Aim of the task —
Please repeat only the lines below starting at the line that holds "Start Meuble bas" and ending at the line that holds "Botas tácticas ligeras", exactly, with both of those lines included and every picture omitted.

Provided records —
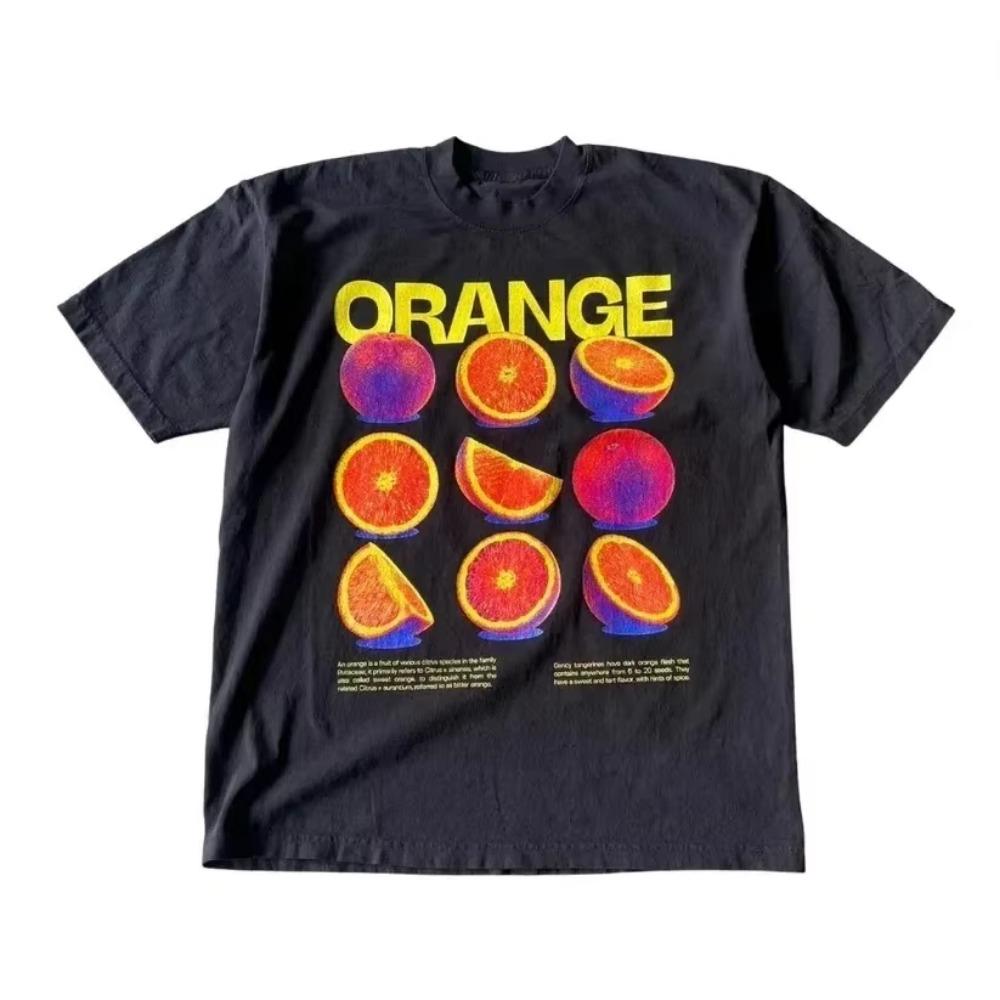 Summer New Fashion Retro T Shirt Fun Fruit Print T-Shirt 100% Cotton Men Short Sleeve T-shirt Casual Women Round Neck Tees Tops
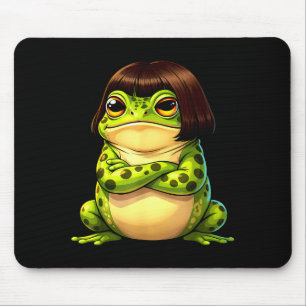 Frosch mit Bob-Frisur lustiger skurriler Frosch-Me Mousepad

--

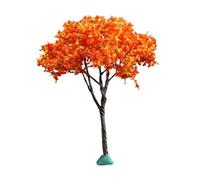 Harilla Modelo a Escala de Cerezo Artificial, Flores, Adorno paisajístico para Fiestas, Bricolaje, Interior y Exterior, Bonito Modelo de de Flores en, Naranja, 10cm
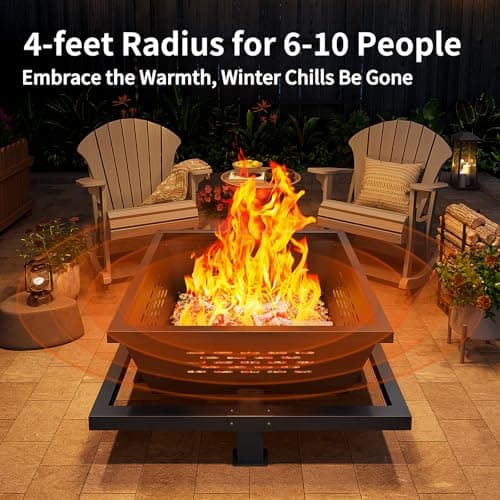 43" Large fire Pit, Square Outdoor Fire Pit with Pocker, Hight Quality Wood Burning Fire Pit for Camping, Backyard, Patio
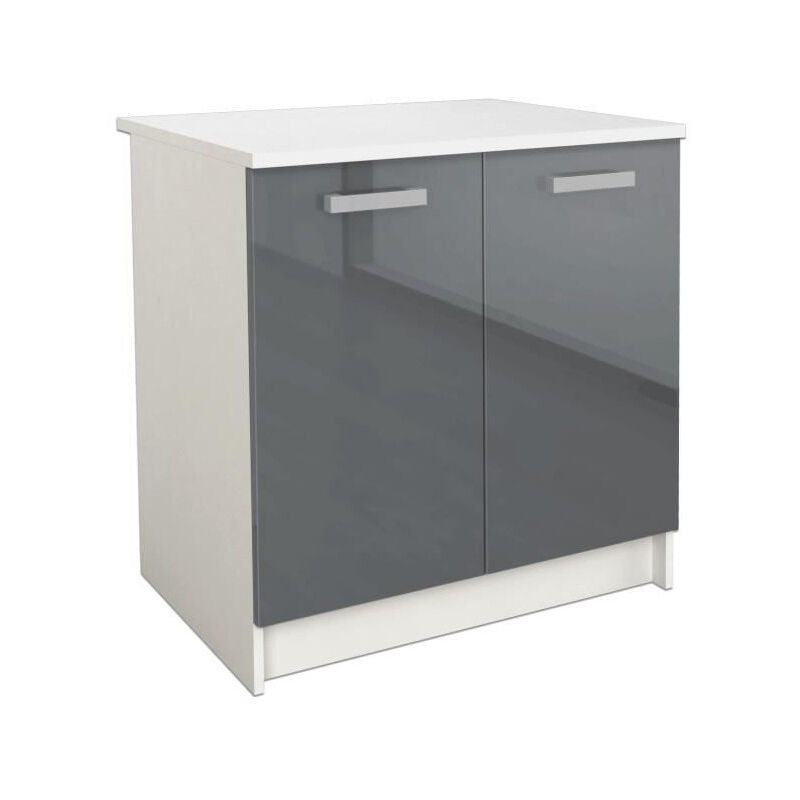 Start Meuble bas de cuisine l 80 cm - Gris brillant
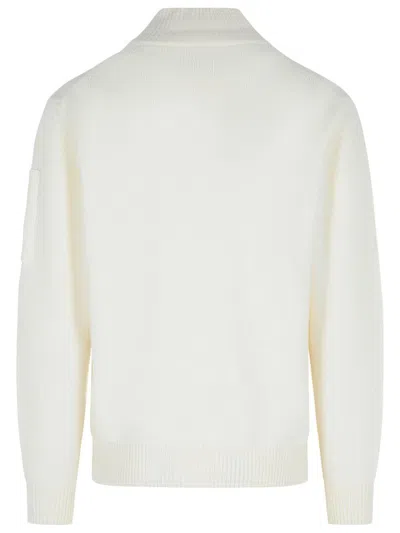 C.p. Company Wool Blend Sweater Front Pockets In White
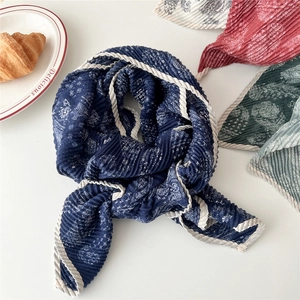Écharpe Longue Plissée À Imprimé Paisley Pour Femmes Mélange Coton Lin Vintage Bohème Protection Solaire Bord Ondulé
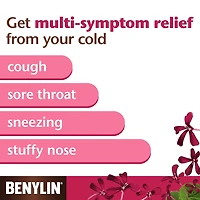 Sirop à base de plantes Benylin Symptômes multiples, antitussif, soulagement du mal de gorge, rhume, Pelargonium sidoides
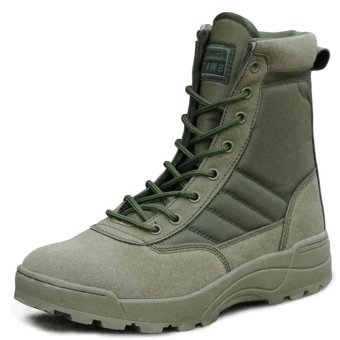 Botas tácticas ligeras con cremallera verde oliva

Written solution —
 Start Meuble bas de cuisine l 80 cm - Gris brillant
 C.p. Company Wool Blend Sweater Front Pockets In White
Écharpe Longue Plissée À Imprimé Paisley Pour Femmes Mélange Coton Lin Vintage Bohème Protection Solaire Bord Ondulé
 Sirop à base de plantes Benylin Symptômes multiples, antitussif, soulagement du mal de gorge, rhume, Pelargonium sidoides
 Botas tácticas ligeras con cremallera verde oliva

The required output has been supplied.